Когда сдавали работы, Гриша хотел подсунуть свой листок незаметно, но не сумел. Вера Мартовна рисунок цапнула, точно кошка воробья, бдительно поднесла к самому лицу. Грише показалось, что даже очки у нее заблестели чуть ярче. Крупицыну захотелось испариться, стать действительно невидимым. Он и голову вжал в плечи, а руки спрятал за спину, но все равно исчезнуть полностью не сумел. Между тем, пожевав губами, Вера Мартовна нервно сунула рисунок в общую стопку. А замершему ученику ничего не сказала.
Через пару дней рисунки ребята получили обратно с отметками. В самом уголке у Гриши стояла крохотная, больше похожая на двойку пятерка, а рядом в скобочках странная приписка: «Больше так не делай!». Гришу эта надпись озадачила. То есть, если не делай, то зачем ставить «пять», а если все-таки пятерка, то почему просто не похвалить? Несколько вечеров Гриша ломал голову, пытаясь разгадать мудреный ребус, но так ничего и не понял. Однако инициативы на уроках рисования он больше не проявлял — чертил, посматривая на окружающих, копируя палочки-кружочки с положенными интервалами и светотенями…
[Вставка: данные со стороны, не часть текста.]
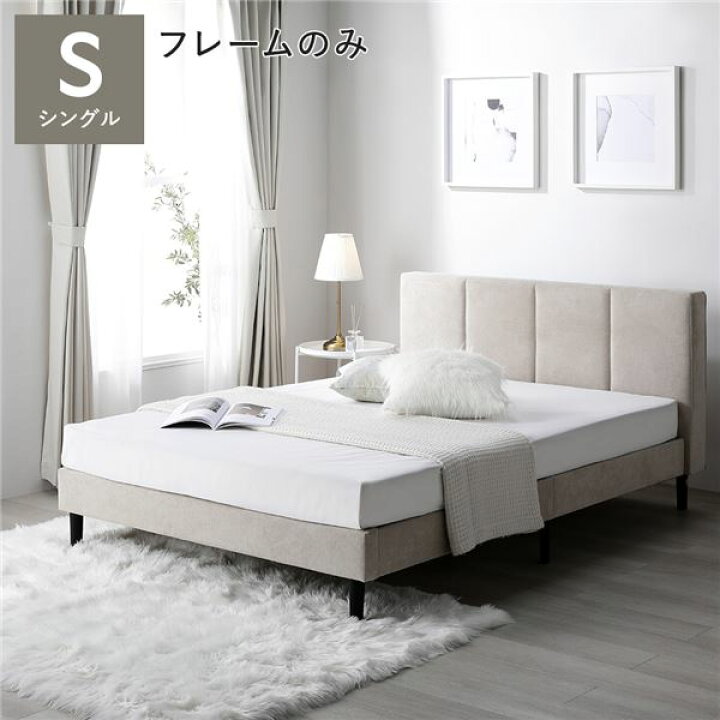 楽天市場】シングルベッド 単品 ベッド ベッドフレームのみ ベージュ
— Заходи, что ли. — Ульяна легко взбежала по ступеням, первой зашла в клуб «Домино». Гриша, потоптавшись, прошлепал за ней следом. То, что Ульяна здоровски танцует, он уже знал, а вот про рисование слышал впервые. Сердце его застучало чаще, подбородок отчаянно зачесался, и все же новость про одноклассницу Гриша решил записать в разряд приятных.
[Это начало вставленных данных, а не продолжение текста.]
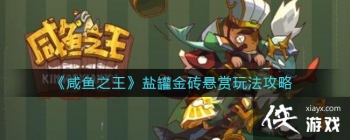 ������֮�����ι޽�ש�����淨����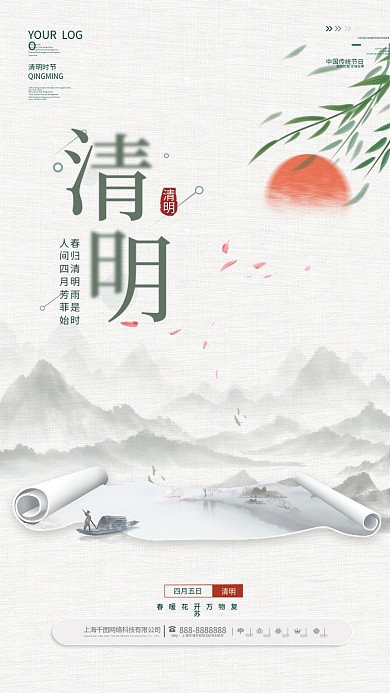 中式中国风简约水墨山水地产清明节海报背景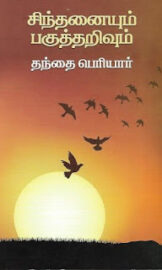 சிந்தனையும் பகுத்தறிவும்- Sinthanaiyum pagutharivum- by Priyar- தந்தை பெரியார்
Работали ребятишки в студии. Так почему-то именовали зал, в центре которого располагался постамент, окруженный стойками под мольберты. Рисовали кувшин. А точнее — амфору. И Гришке приходилось стоять вместе со всеми, поскольку привычных парт здесь не наблюдалось, и листы плотной бумаги на мольбертах тоже крепились чуть ли не вертикально. Кстати, появление Гриши Крупицына никого не удивило, хотя отсутствие кистей и красок руководителю студии — тонкокостному мужчине с изящной бородкой и шевелюрой до плеч — не слишком понравилось.
— Что ж, пока воспользуйтесь этим, а там посмотрим… — суховато пробормотал он.
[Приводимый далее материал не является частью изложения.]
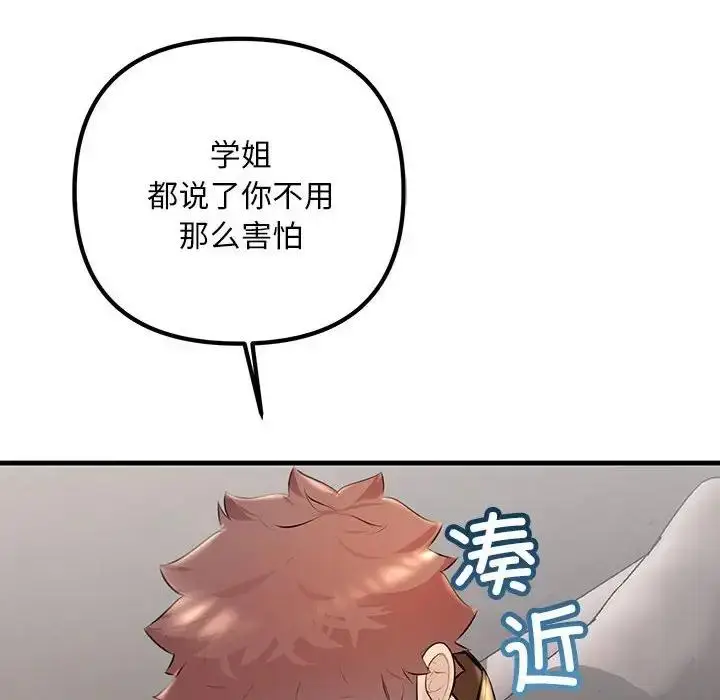 漫画《走味的初恋/不正常关系》第35话第106张图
Крупицыну выдали палитру с бэушными красками и слабенькую колонковую кисть. Гриша не думал возражать, хотя кисточки хватило всего на три-четыре энергичных мазка, после чего жестяной набалдашник попросту отвалился. Да так удачно отвалился, что закатился в щель между плинтусом и половицей. Можно было бы подцепить его острым концом угольника, но вставать на четвереньки Гриша постеснялся.
Чтобы не стоять истуканом, он принялся макать в краски древко кисточки, но быстро понял, что это тоже не выход. Между тем все вокруг работали, и даже лохматый руководитель студии, пристроившись в сторонке, тоже что-то такое чиркал карандашиком в блокноте. Студийцы рисовали кувшин, а он, похоже, рисовал их. Хотя что там было рисовать! Обычные школяры.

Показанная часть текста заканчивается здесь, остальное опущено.